Sensex retreats before Brexit as Tata Motors tumbles

Sensex retreats before Brexit as Tata Motors tumbles

Mumbai: Indian stocks fell for a second day before the UK votes on whether to leave or remain in the European Union (EU).

Tata Motors Ltd, owner of Jaguar Land Rover that gets about 25% of its revenue from Europe, tumbled for the first time in seven days. ITC Ltd, India’s biggest cigarette company, slid for a second day this week after its chief said he will step down next year.
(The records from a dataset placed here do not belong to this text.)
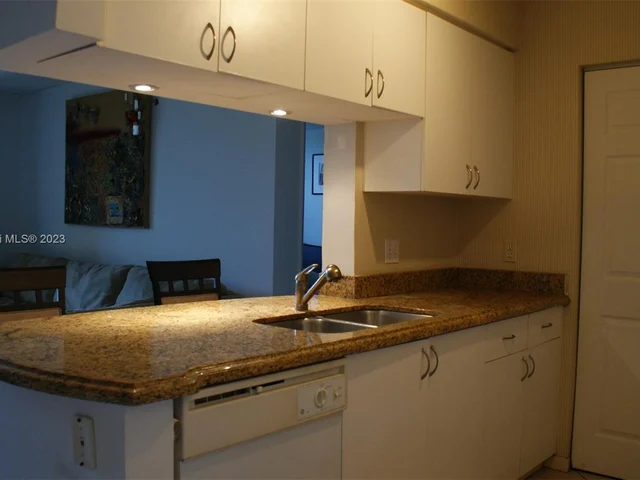 19501 E Country Club Dr # 9305, Aventura FL 33180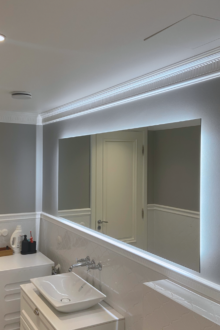 Taustvalgustusega peegel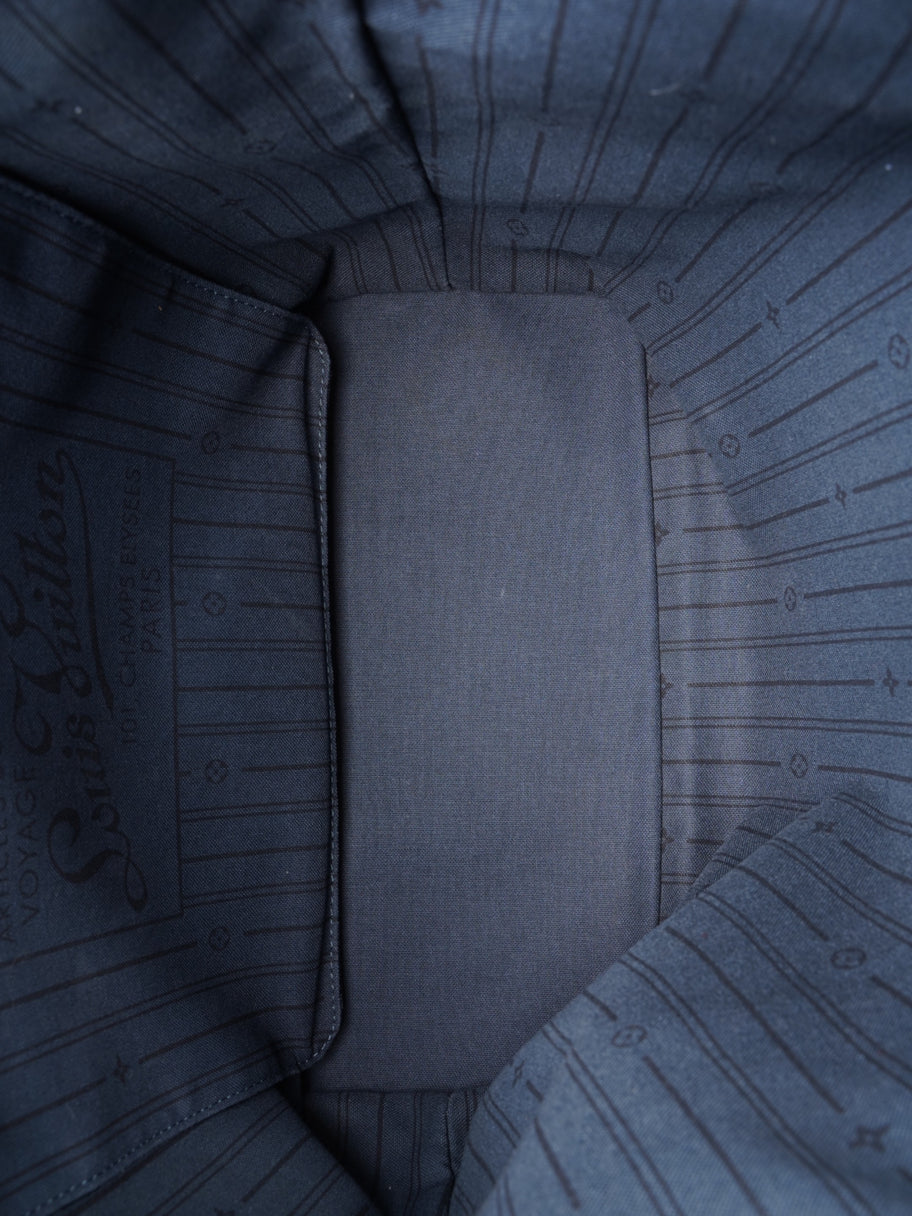 Louis Vuitton Neverfull Grey Canvas MM Image 8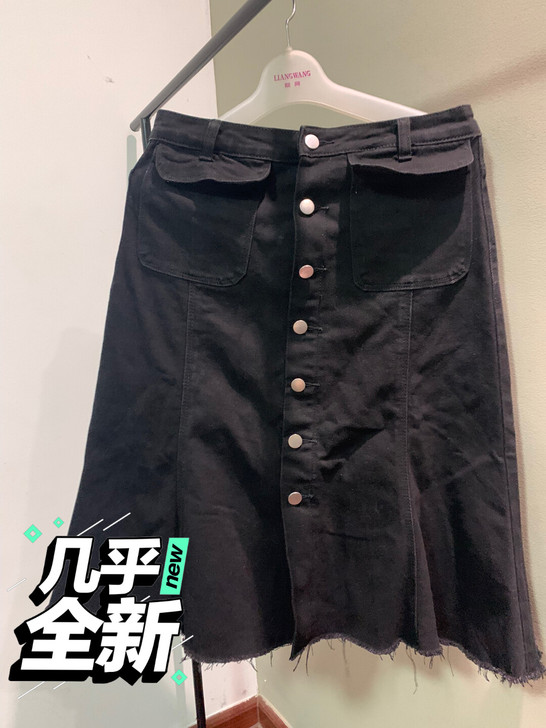 穿过几次，介意勿拍，牛仔黑色半身鱼尾裙，收...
GAIL India Ltd retreated for a third day, while Reliance Industries Ltd (RIL), owner of the world’s largest refining complex, decreased the most in a week.

The S&P BSE Sensex lost 0.2%, or 47.13 points, to 26,765.65 at the close in Mumbai, after changing direction more than 15 times. There has only been only day the gauge has fluctuated more than 1% this month. Different polls putting either side ahead before Thursday’s Brexit vote are keeping investors on edge amid warnings from central bankers and governments that a victory for the “Leave” camp would destabilize financial markets around the world.

“It’s difficult to preempt anything,” Vaibhav Sanghavi, managing director at Mumbai-based Ambit Investment Advisors Pvt. Ltd, said in an interview. “We will evaluate where to invest depending on valuations once Brexit is out of the way.”

The Sensex has risen 17% since falling into a bear market in February as forecasts for the strongest monsoon rain in two decades and India’s world-beating economic growth lured $2.8 billion in inflows from abroad this year. Rains progressed further into parts of the nation’s key states of Maharashtra, Madhya Pradesh, Uttarakhand and Uttar Pradesh, shrinking the deficit since June 1 to 21% from 23%.

Tata Motors tumbled 2.58%, the worst performer on the Sensex on Wednesday. GAIL India dropped 1.88% in a third day of declines, while slid RIL lost 0.6%.

ITC decreased 1.12%. Yogesh Deveshwar, who joined ITC in 1968 and has run Asia’s second-largest tobacco company by market value since 1996, will give up the chief executive role in February and attend his final shareholders’ meeting as CEO next month, the company said in a regulatory filing Tuesday.

Overseas funds have bought $628 million of shares in June, set for the fourth month of purchases, data compiled by Bloomberg show.